DATA EXTRACT:
--- START ---

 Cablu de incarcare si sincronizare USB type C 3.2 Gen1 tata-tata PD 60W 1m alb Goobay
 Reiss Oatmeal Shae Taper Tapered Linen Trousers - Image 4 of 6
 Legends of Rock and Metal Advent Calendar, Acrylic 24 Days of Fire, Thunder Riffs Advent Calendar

--- END ---

DESCRIPTION OF THE TASK: Your answer must be the complete listing, reproduced exactly.

SOLUTION FOR THIS TASK:
 Cablu de incarcare si sincronizare USB type C 3.2 Gen1 tata-tata PD 60W 1m alb Goobay
 Reiss Oatmeal Shae Taper Tapered Linen Trousers - Image 4 of 6
 Legends of Rock and Metal Advent Calendar, Acrylic 24 Days of Fire, Thunder Riffs Advent Calendar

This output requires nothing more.